40 years since her passing, no other artist in popular music has ever replicated her vocal brilliance

April 16, 2018
Sandy Denny in 1972. Photo: David Bailey/Wikimedia Commons
Sandy Denny in 1972. Photo: David Bailey/Wikimedia Commons

She died, a burnt-out case, 40 years ago this week. She was 31 years old. The proximate cause of her death was a cerebral haemorrhage as a result of a fall downstairs. But her life had for a long time been a downward spiral of drink, drugs and loss of control.

Professionally it seemed to be all over. Her voice had gone (she had chain smoked for years); her weight had ballooned; her recording contract had not been renewed; her last tour, an attempted comeback, had failed. The money had run out. There was no work in sight.

Her personal life was in even worse shape. Most of her friends had despaired of her and of the mess she had made of her life. Her marriage, shaky at the best of times, had run its course: the day before her death her husband had, without telling her, flown to Australia on a one way ticket, taking with him their nine month old daughter whom she had proved incapable of looking after.

Many of the rock musicians who died young in Britain in the 1970s were the best of their generation. Keith Moon was the most inventive drummer. Jimi Hendrix the most versatile guitarist.

Sandy Denny is, quite simply, the most outstanding female singer that Britain has ever produced.

Born into a middle class family in Wimbledon she began singing in folk clubs in the late 1960s while studying at Kingston College of Art (where she was, without knowing it, a contemporary of Eric Clapton). The recordings which survive of her performances then are mostly of traditional material, which she sang to her own guitar accompaniment.

In 1968 she joined the band with which she is particularly associated, Fairport Convention. They had until then played mainly American contemporary music including Bob Dylan, Joni Mitchell and Leonard Cohen covers.
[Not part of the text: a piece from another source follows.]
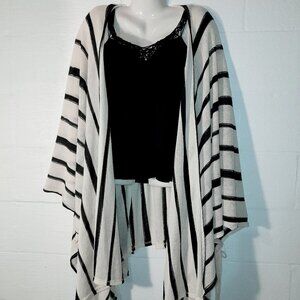 Torrid Women's Plus Size Caftan Cape Kimono Top Ivory Black Striped One Size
Sandy Denny transformed it. She still sang Dylan songs with them and was throughout her career one of the finest deliverers of his music. Her interpretation of “I’ll keep it with mine,” for example, which appeared on her first Fairport album What we did on our holidays is vastly more penetrating than Dylan’s own throwaway version. But following her arrival Fairport began playing her, and her fellow band member Richard Thompson’s, own compositions

One of them was the song for which she is mainly remembered. She wrote” Who knows where the time goes?” when she was 19 and it appeared on Fairport’s second album Unhalfbricking before becoming the title track of an album by Judy Collins. The royalties from it was her most constant source of income. It was heard recently on the London stage as the accompanying music to Jez Butterworth’s Jerusalem.
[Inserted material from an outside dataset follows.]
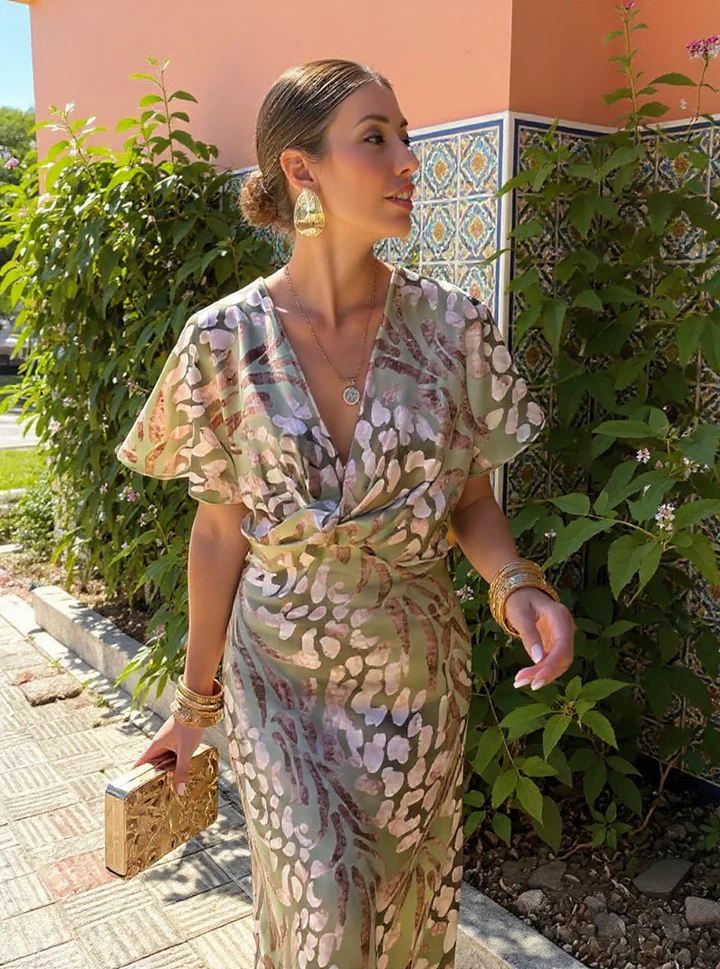 Lili – Elegáns midi ruha réz árnyalatokban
But it was her third Fairport album, Liege and Lief, issued in 1969 which marked the breakthrough. By then she was the dominant figure in the band and its sole vocalist. Liege and Lief marked the beginning in Britain of what came to be called folk-rock: traditional songs performed with an accompaniment of three electric guitars, electric violin and drums. Nothing like it had been heard here before.

But almost as soon as the album was completed Sandy Denny moved on again. She formed a new band “Fotheringay” with her husband Trevor Lucas which only lasted a year; and then became a solo artist, releasing three albums, before briefly rejoining Fairport Convention in 1974. But that too only lasted a year and she returned to solo performing.
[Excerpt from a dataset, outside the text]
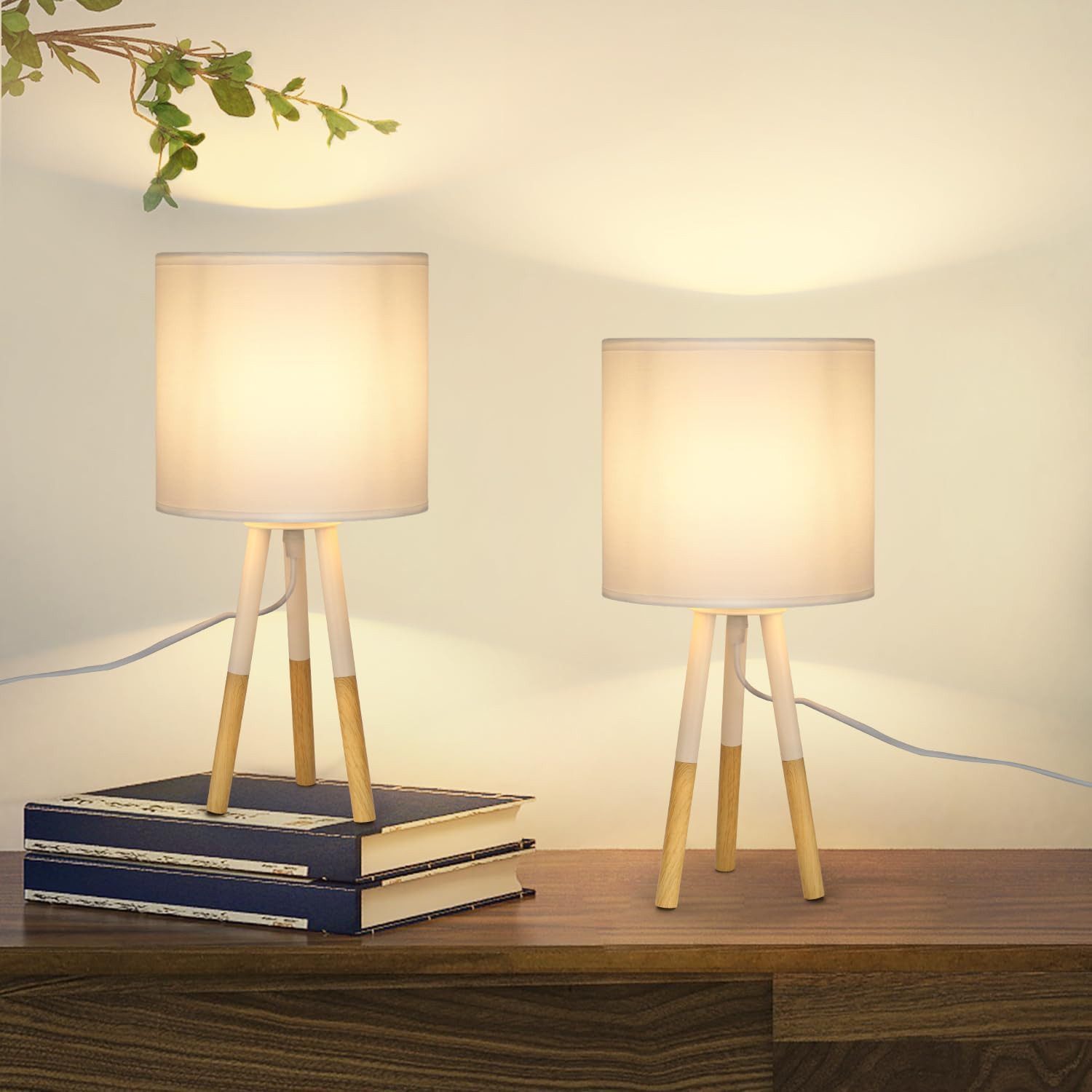 NETTLIFE 2 bordlamper, sæt, moderne, sengelampe hvid, E27, metaldesign, til arbejdsværelset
Her success during her lifetime was limited. She was twice voted by Melody Maker Britain’s best female artist. She sang with Led Zeppelin, the only outsider ever to do so. But she never achieved the status of Joni Mitchell, the artist to whom perhaps she bears the most resemblance. Even today, when there is more interest in her legacy, she is something of a cult figure.

So why remember her?

Because hers was, in the words of a survey in the Times in 2014, the voice of Albion. A voice which through its purity and its melancholy managed to invest everything she sang, including her own compositions, with the mysteries of the past.

It was, as The Who’s Pete Townshend, a friend and occasional lover, put it “the perfect British folk voice. Not a trace of vibrato. Pure and easy.”

Her sense of melody, her timing, her ability to hold a note, her seemingly effortless breath control were extraordinary. Ralph McTell, who was occasionally one of her backing musicians, called it “heartbreakingly beautiful, cracking in just the right place to touch the emotional heart of the song."

To listen to her haunting performances of “Farewell, Farewell” on” Liege and Lief or of “Blackwaterside” on her first solo album The North Star Grassman and the Ravens is to hear a raw pain, a desolate sadness of a kind which no other artist in the field of popular music has ever replicated.

She herself insisted that it was not the voice that mattered, it was the song, that the whole point of singing was to tell the story of the song. Many of the songs she sang, including ones she wrote herself, were complex and allegorical. Unlike many singer-songwriters she revealed little of herself in them. It was the voice that gave them their form and their resonance.

Dylan once cryptically claimed that “traditional music is the only true valid death.” Sandy Denny’s actual death was a dismal one. Maybe, if Dylan is right, it was in her music that she truly died.